Re-entry High Altitude Pulmonary Edema:

The quick and easy access to high altitude areas in Nepal has led to the development of  a relatively new illness in Nepal known as Re-entry High Altitude Pulmonary Edema. Although not unique to Nepal, as it is a common phenomenon in South American Andes, it has been growing in prevalence in Nepal as of late.

The issue is not as much as with the illness but the lack of knowledge among physicians and Nepalis. Moreover, Re-entry High Altitude Pulmonary Edema has become prevalent recently with Nepalis living in high altitudes for most of the year in areas like: Lake Tilcho (4,900 m) and Lake Gosaikunda (4,380 m). 

With road access increasing in these two areas, Nepalis living in the regions have been able to drive to low elevations and back during the off seasons as well as to get supplies when needed, and then returning quickly to their homes at extreme altitudes. Resulting in an increased number of Nepalis contracting Re-entry high altitude pulmonary edema or other severe forms of altitude sickness like High Altitude Cerebral Edema and High Altitude Pulmonary Edema.

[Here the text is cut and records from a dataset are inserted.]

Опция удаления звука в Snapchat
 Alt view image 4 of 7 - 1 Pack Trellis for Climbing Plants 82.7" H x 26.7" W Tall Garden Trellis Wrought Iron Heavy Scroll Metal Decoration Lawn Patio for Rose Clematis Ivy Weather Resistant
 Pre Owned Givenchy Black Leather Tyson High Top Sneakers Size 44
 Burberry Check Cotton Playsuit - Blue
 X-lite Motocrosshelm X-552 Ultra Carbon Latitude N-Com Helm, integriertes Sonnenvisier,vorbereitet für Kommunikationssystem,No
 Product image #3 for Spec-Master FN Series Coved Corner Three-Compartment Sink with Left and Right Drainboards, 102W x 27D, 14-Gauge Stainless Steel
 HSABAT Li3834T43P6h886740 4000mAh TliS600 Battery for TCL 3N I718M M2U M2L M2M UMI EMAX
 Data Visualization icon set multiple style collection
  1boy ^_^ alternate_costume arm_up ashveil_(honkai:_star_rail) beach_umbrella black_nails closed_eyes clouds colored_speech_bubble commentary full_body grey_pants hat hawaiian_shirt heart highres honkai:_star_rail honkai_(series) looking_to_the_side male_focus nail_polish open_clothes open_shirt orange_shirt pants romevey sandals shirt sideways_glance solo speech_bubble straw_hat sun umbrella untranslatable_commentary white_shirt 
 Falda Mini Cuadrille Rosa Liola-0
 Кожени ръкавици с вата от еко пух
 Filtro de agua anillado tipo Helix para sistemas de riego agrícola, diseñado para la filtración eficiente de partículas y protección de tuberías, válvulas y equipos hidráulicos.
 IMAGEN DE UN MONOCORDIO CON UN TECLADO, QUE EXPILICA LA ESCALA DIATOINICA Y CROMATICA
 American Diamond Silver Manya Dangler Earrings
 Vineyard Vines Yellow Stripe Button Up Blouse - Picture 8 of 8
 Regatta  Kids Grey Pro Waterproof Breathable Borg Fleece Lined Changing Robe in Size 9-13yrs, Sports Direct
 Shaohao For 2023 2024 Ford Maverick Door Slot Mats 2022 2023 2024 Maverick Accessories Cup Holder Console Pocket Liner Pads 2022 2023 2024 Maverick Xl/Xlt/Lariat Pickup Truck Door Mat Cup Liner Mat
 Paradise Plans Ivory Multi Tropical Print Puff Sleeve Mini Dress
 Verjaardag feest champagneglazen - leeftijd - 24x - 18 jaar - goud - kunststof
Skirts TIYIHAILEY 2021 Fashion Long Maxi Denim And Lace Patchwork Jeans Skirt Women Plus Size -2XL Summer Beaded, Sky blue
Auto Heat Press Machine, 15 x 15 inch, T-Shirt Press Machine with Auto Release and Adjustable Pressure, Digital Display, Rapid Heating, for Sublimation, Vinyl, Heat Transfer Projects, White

Nepal’s rescue and aid posts for trekkers:

High Altitude Sickness Emergency Room Everest

Luckily, if you are trekking in Nepal, and begin to feel signs of high altitude sickness, Nepal has well-established rescue and aid posts throughout the Annapurna and Everest region. A few of the post locations include:

  • Pherice (4,300 m) 
  • Everest Base Camp (5,300 m)
  • Manang (3,500 m)
  • Machhermo (4,410 m)
  • Gokyo (4,880 m). 

High Altitude Sickness – Protect yourself while trekking

No matter where you are trekking in the world it is important to be aware and knowledgeable of the symptoms of high altitude sickness. As treatment and response continues to get better in Nepal, trekkers will continue to have a safer time while trekking the tallest mountains in Nepal.

However, as noted by Dr. Santosh, it is important that we as trekkers take the precautionary steps to keeping ourselves safe. This means monitoring our own health, educating ourselves about high-altitude sickness, keeping alcohol consumption down while trekking and climbing, as well as taking the proper rest days when needed.

Finally, the most important thing to remember as a trekker is that no one is immune to high altitude sickness no matter your genetics and previous accomplishments.